TITLE:
Analytical and Numerical Investigations of Probabilistic Monochromatic Problem
AUTHORS:
Stefan Schmuck, Jakob Svensson
KEYWORDS:
Bayes’ Theorem, Linear Inversion, Uncertainty, Monochromatic, Spectral Limitation
JOURNAL NAME:
Journal of Applied Mathematics and Physics,
Vol.7 No.4,
April
16,
2019
ABSTRACT: A probabilistic formalism, relying
on Bayes’ theorem and linear Gaussian inversion, is adapted, so that a
monochromatic problem can be investigated. The formalism enables an objective
test in probabilistic terms of the quantities and model concepts involved in
the problem at hand.
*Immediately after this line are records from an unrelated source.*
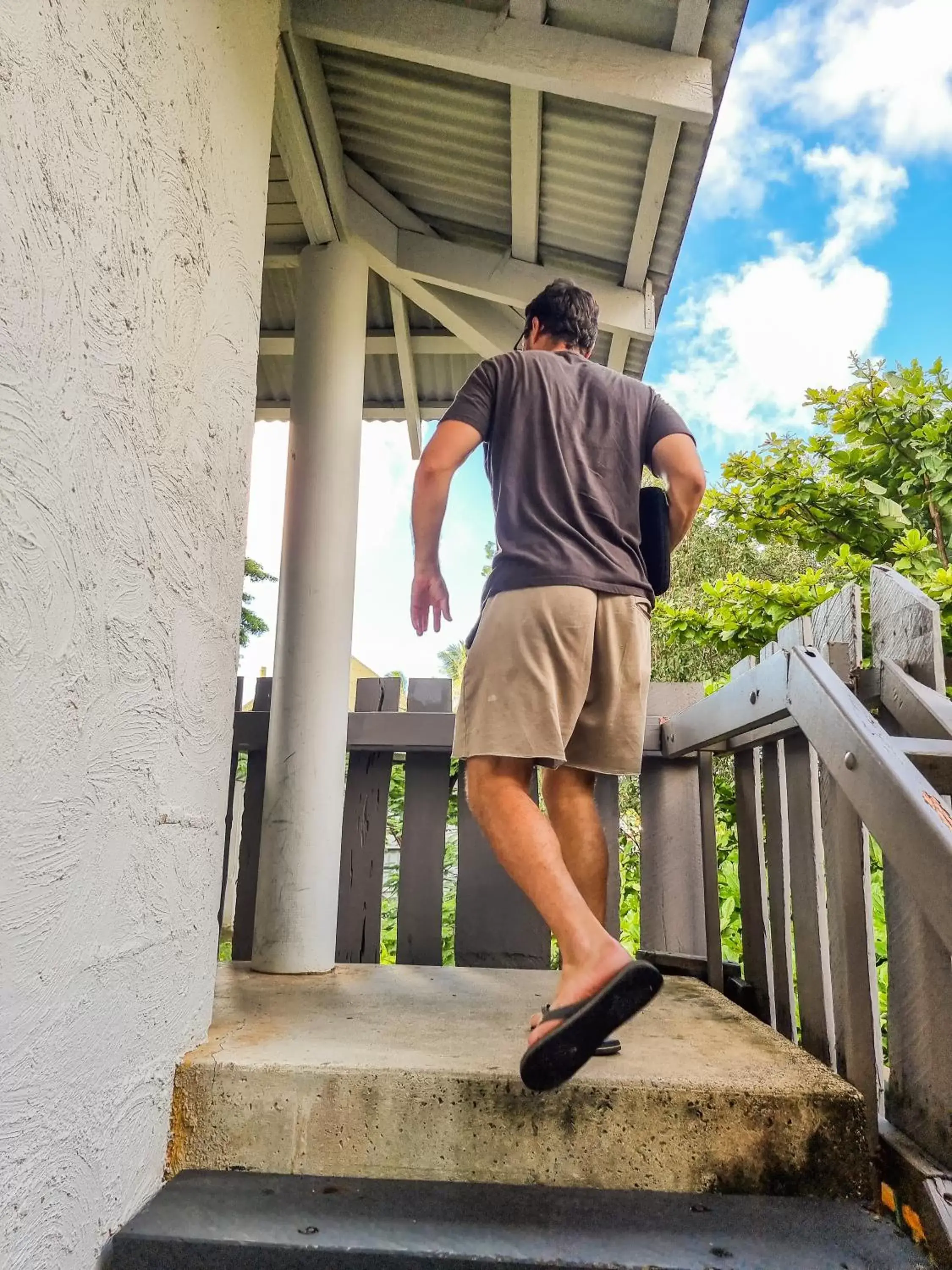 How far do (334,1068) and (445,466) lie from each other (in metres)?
1.18

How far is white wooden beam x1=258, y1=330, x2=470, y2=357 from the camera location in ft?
11.6

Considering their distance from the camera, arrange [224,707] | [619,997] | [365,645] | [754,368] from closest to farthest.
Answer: [619,997] → [224,707] → [365,645] → [754,368]

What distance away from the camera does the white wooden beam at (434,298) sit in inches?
107

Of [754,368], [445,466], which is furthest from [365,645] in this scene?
[754,368]

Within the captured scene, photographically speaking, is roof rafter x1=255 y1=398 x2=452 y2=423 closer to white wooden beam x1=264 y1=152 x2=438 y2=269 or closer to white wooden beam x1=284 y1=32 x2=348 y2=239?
white wooden beam x1=264 y1=152 x2=438 y2=269

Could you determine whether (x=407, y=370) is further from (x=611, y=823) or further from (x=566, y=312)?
(x=611, y=823)

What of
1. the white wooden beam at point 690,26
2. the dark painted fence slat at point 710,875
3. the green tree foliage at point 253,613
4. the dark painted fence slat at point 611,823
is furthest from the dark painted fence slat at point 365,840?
the green tree foliage at point 253,613

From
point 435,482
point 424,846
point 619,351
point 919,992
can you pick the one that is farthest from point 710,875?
point 619,351

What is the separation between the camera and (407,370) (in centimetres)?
352

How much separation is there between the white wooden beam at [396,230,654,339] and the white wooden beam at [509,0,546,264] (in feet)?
0.22

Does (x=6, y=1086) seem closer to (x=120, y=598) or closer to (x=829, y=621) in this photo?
(x=120, y=598)

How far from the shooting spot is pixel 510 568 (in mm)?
1712

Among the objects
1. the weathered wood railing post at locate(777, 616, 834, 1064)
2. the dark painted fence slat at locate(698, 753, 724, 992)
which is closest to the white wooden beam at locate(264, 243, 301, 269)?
the dark painted fence slat at locate(698, 753, 724, 992)

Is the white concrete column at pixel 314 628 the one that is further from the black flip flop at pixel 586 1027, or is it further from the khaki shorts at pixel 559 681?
the black flip flop at pixel 586 1027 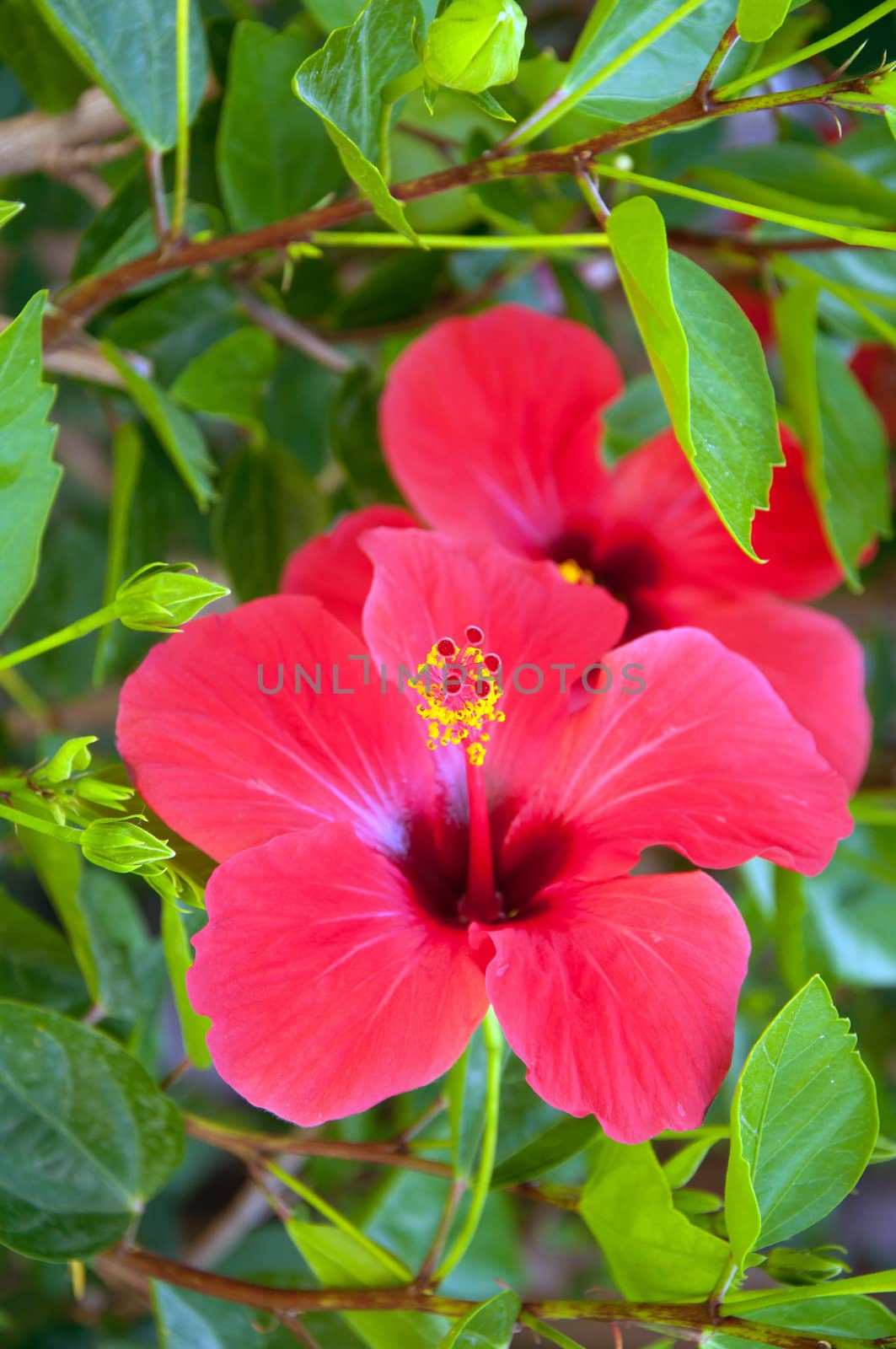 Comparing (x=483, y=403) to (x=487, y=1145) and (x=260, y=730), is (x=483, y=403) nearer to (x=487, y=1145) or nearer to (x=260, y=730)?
(x=260, y=730)

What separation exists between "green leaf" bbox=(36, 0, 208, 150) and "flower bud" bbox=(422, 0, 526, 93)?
0.27m

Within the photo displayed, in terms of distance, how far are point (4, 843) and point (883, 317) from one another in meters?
0.99

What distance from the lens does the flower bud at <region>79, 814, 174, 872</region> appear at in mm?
528

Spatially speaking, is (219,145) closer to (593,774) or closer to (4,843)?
(593,774)

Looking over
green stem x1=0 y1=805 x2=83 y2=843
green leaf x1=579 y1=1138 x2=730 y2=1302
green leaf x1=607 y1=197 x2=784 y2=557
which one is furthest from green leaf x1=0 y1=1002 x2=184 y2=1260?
green leaf x1=607 y1=197 x2=784 y2=557

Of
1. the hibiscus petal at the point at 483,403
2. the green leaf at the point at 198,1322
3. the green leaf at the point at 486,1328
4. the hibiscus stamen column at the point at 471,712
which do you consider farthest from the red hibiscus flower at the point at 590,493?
the green leaf at the point at 198,1322

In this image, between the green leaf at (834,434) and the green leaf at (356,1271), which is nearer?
the green leaf at (356,1271)

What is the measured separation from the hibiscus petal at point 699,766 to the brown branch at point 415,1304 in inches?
9.1

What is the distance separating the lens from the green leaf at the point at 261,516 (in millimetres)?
968

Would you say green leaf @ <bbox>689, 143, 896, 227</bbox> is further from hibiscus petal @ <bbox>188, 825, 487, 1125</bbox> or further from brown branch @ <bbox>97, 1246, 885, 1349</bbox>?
brown branch @ <bbox>97, 1246, 885, 1349</bbox>

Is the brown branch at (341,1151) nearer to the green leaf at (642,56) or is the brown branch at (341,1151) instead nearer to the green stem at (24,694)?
the green stem at (24,694)

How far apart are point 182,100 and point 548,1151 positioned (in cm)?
70

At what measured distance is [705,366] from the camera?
1.98ft

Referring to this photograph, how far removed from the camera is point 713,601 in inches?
36.5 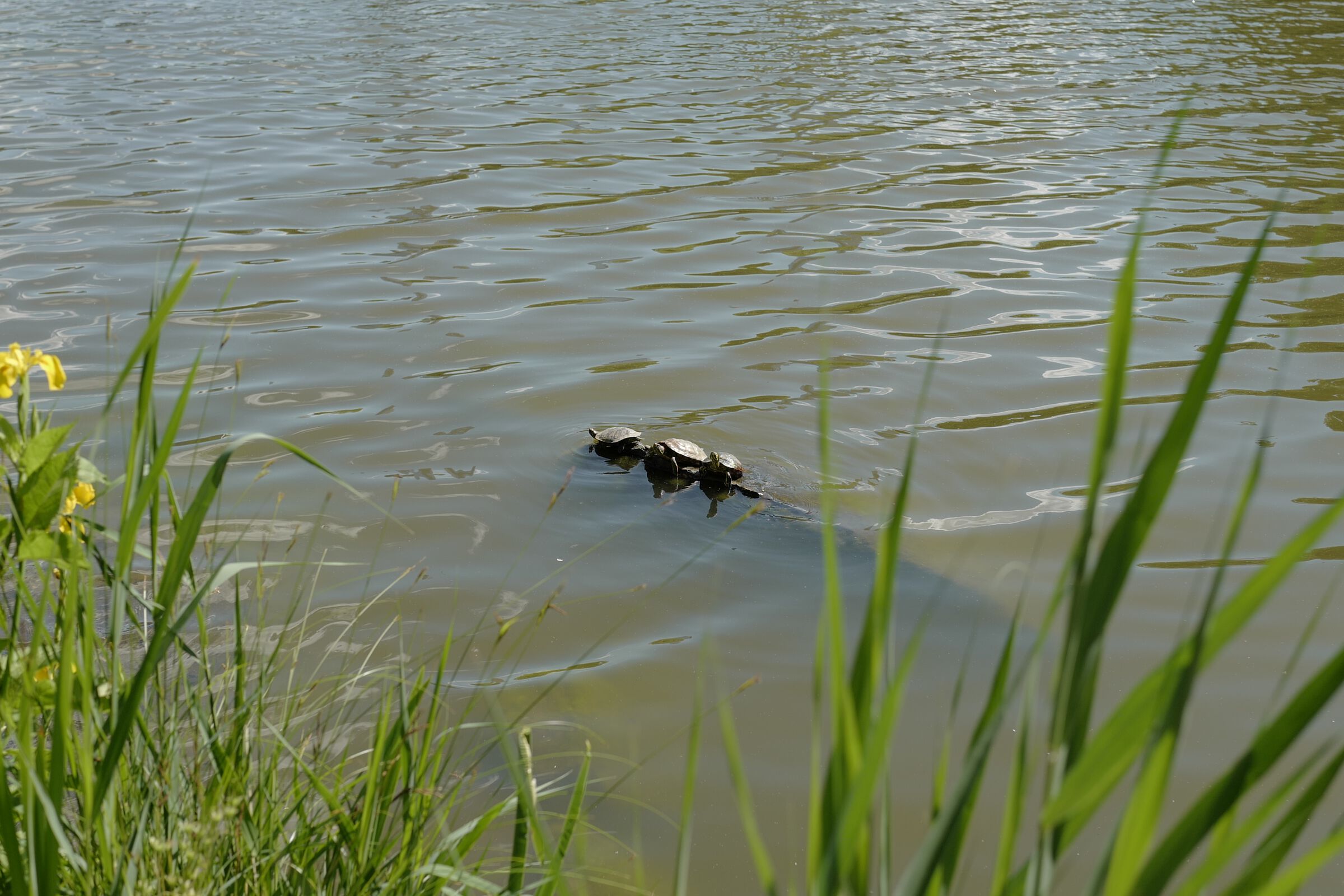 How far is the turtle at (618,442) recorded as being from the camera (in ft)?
15.6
With this formalism, an amplitude (linear parameter), a
frequency (non-linear parameter) and a hyperparameter of the Gaussian amplitude
prior are inferred jointly given simulated data sets with Gaussian noise
contributions. For the amplitude, an analytical normal posterior follows which
is conditional on the frequency and the hyperparameter. The remaining posterior
estimates the frequency with an uncertainty of MHz, while the convolution of a
standard approach would achieve an uncertainty of some GHz. This improvement in
the estimation is investigated analytically and numerically, revealing for
instance the positive effect of a high signal-to-noise ratio and/or a large
number of data points. As a fixed choice of the hyperparameter imposes certain
results on the amplitude and frequency, this parameter is estimated and, thus,
tested for plausibility as well. From abstract point of view, the model posterior is
investigated as well.